The reason why an ‘and/and’ interpretation is a more exquisite social scientific theory concerning Daya is because the young girl and her social circle believe in the existence of Chand Kor’s ghost. Their world accepts the spirit as a means to re-distribute action. The ghost is a lively and equally real player in the cultural network. And this is nothing new. As Feyerabend remarked, “In Homer events such as dreams, the actions of gods, or illusions were all regarded as being “equally real”. No separation stood between a reality outside human beings and the result of a perceiving and distorting agency within” (252). Just as in the time of Homer, Shanti Nagar’s worldmaking includes supernatural beings as part of life.

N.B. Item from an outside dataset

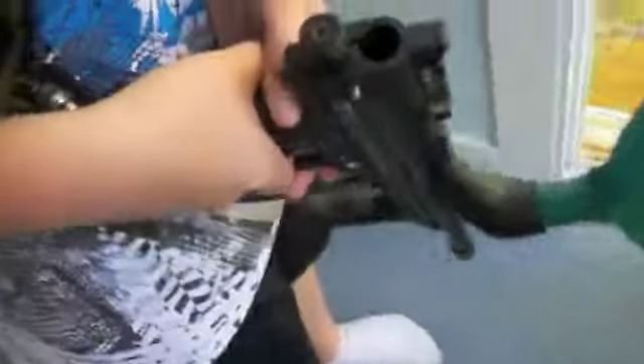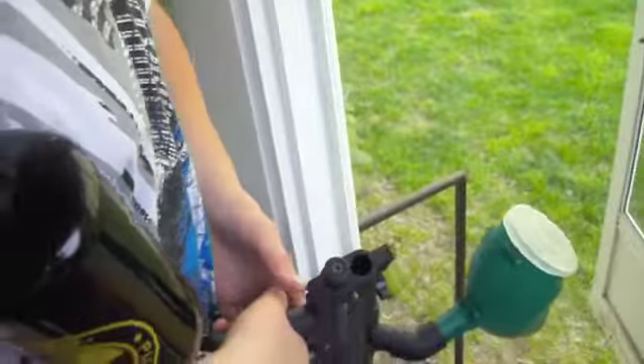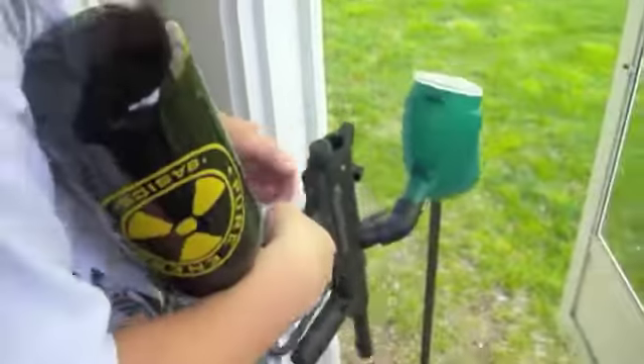So first we'll start off with the Brass Eagle. I'm going to be dry firing this because I ran out of paint for this gun. I wanted to get the firing down for this so I don't have to go slow.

At the beginning of our discussion we asked: Is the spirit aware that its contributions to the network re-allocate action in Shanti Nagar? Was Chand Kor consciously deploying attributes in an effort to subsist? And I say that the answer is a resounding no. The spirit may well be conscious but that does not mean its methods of subsistence or self-containment are all consciously derived. I would suggest that neither Daya or Chand Kor were fully aware of their effect on the overall network because that would indicate a completely rehearsed social ritual. Although I suggest that some of the action is rehearsed from previous possession events, there also is a genuineness or terrifying authenticity to the possession experience. It is because of the multitude of variations and repetitions of the spirit episode that we become so moved by its potential for unlimited fecundity. Much like tales told around a campfire or urban legends passed on orally, it is the nuances of variation that show just how real spirit possession is. It exists for its own sake. It is the spirit’s response to man’s granting it existence. It may not be wholly aware of its own trajectory but participates nevertheless.


Feyerabend, Paul. Farewell To Reason. London: Verso Publishing, 1987.

Lakatos, Imre. “Falsification and the Methodology of Scientific Research Programmes” in Criticism and the Growth of Knowledge. Cambridge University Press, 1970.

Latour, Bruno. Reassembling the Social. Oxford: Oxford University Press, 2007.  

Middleton, John, ed. Magic, Witchcraft, & Curing. Austin: University of Texas Press, 1967

[1] The Chamar caste is close to the bottom of the caste hierarchy in Shanti Nagar. A marriage would have been moving up the social ladder.
[2] See Magic, Witchcraft, & Curing. Edited by John Middleton. (1967).
[3] See David Hufford’s book entitled The Terror that Comes In The Night  for detailed Old Hag phenomenon. Also, Preston Copeland’s Rational Liminality: UFO Abduction Narratives and Rites of Passage  give detailed accounts of the supernatural assault narrative.